_Instructions for the task_
Every line below that mentions the word "Collection" should be copied out.

[Dataset records]
___
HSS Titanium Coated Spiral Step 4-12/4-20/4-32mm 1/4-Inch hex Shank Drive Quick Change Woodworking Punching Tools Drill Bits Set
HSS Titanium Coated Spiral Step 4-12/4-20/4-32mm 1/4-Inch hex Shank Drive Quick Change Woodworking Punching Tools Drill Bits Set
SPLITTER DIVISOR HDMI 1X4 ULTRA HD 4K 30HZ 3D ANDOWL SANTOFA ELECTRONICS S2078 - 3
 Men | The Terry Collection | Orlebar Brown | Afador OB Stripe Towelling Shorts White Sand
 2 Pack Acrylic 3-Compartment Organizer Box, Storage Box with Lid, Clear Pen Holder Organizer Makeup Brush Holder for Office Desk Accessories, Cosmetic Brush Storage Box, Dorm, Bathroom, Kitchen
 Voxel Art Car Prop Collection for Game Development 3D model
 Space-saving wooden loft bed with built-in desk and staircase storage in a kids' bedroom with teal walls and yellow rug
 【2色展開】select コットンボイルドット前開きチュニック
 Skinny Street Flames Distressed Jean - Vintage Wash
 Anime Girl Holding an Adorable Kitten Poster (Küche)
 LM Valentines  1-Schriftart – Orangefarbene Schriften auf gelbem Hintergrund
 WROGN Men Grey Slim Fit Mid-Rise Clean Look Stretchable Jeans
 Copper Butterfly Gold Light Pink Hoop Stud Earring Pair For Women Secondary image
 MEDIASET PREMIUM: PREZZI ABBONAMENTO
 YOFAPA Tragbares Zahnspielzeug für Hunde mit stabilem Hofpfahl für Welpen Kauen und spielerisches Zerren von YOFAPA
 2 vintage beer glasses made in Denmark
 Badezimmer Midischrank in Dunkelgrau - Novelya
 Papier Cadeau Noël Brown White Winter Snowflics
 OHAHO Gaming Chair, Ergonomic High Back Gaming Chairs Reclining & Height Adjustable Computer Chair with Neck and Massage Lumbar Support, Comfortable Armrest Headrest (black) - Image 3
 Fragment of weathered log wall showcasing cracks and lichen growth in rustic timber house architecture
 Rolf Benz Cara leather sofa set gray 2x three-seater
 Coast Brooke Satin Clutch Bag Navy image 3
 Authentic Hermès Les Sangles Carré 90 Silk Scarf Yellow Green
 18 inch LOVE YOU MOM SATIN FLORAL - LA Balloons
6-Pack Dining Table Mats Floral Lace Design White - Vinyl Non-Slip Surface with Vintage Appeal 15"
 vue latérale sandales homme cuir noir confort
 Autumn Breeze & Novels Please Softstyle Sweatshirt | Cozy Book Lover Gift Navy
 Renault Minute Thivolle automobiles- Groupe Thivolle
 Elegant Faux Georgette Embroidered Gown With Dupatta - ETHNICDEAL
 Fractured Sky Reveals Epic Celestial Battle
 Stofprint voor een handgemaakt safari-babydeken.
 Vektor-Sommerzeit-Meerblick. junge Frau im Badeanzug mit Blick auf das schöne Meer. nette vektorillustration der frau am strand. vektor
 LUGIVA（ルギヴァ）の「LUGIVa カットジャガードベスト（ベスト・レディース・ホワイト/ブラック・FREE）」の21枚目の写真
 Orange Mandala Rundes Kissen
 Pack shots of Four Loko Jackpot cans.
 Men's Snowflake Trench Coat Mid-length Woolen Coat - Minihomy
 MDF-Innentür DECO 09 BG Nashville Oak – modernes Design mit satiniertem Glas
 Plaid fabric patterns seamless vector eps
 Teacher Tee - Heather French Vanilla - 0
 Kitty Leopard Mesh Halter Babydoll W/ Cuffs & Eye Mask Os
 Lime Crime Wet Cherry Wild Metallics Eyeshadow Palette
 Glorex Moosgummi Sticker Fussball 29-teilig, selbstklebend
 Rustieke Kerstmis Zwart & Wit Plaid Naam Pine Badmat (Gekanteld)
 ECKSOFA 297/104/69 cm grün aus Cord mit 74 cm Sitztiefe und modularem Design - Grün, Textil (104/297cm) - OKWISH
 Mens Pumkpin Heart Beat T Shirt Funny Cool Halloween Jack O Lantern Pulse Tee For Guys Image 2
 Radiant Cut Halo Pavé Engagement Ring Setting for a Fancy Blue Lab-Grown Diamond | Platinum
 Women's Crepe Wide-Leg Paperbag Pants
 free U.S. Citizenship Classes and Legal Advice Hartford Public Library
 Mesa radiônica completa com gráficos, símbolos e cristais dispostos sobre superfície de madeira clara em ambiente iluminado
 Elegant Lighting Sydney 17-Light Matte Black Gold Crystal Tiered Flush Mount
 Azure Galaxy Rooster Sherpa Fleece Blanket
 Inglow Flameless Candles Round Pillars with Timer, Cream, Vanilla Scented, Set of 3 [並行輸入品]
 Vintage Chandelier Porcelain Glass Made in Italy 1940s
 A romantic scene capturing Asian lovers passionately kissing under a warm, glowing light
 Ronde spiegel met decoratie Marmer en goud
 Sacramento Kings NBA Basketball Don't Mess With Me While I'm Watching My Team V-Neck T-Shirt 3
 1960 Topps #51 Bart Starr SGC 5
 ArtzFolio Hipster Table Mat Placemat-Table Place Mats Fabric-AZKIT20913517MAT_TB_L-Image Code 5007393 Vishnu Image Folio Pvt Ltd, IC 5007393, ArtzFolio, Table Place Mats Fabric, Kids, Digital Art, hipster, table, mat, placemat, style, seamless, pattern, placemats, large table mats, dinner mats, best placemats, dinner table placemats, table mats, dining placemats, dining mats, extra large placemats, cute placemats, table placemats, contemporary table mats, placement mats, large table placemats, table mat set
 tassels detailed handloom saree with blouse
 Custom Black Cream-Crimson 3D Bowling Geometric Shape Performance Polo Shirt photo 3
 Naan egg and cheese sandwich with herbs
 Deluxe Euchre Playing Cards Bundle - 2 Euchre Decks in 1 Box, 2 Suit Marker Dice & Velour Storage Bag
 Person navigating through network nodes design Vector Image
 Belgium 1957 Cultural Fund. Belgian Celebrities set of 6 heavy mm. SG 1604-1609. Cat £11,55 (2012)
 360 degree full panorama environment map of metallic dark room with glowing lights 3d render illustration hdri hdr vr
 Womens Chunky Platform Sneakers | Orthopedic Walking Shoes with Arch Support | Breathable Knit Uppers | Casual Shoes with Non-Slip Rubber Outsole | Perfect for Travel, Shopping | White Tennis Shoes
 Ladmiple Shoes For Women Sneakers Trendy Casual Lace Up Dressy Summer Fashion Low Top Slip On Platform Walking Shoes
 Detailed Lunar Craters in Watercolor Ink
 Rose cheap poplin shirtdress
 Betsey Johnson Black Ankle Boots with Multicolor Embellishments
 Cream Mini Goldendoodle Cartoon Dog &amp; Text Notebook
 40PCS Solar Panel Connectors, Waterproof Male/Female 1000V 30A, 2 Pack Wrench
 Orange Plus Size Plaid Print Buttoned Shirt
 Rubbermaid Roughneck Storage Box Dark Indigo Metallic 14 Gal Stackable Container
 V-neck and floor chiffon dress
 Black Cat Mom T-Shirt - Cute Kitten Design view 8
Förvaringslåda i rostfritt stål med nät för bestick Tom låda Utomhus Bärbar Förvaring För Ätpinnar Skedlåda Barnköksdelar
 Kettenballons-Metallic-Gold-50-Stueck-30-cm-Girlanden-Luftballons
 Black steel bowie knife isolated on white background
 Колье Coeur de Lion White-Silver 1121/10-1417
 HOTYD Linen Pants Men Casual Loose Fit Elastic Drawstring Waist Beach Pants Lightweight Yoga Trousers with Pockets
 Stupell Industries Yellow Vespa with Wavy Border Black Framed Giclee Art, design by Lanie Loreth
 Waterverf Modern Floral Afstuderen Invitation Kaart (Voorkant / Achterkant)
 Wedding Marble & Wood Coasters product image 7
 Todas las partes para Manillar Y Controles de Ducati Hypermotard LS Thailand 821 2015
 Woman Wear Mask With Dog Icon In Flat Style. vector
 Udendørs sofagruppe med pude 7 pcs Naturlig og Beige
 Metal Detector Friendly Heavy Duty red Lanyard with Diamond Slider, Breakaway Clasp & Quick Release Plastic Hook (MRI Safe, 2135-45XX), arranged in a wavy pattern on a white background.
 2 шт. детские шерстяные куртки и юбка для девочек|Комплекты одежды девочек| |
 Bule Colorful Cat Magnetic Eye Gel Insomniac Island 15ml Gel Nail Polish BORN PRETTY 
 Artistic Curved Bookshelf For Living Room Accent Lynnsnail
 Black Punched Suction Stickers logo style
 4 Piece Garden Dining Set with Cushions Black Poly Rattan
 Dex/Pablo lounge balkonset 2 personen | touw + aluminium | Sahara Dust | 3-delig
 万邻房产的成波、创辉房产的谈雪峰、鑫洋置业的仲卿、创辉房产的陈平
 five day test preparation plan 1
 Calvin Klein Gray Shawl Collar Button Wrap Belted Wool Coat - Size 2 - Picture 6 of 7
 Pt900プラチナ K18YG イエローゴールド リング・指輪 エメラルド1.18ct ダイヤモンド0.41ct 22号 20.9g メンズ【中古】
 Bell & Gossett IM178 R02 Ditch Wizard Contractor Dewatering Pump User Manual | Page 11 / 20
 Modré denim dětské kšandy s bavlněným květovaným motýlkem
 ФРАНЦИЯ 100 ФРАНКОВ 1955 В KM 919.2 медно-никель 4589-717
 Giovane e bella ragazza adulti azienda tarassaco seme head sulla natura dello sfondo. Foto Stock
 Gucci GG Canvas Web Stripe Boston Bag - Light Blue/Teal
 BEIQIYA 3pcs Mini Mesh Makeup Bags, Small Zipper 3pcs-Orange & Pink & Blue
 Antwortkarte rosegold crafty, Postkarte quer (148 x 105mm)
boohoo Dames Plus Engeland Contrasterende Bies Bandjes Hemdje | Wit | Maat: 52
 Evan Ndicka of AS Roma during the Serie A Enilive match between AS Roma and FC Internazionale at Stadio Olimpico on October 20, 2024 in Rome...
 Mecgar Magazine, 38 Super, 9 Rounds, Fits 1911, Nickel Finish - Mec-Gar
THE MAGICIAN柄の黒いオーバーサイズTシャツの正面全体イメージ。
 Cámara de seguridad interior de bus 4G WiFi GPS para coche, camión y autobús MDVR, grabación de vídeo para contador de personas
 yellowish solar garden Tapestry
___
_Completed task_
 Men | The Terry Collection | Orlebar Brown | Afador OB Stripe Towelling Shorts White Sand
 Voxel Art Car Prop Collection for Game Development 3D model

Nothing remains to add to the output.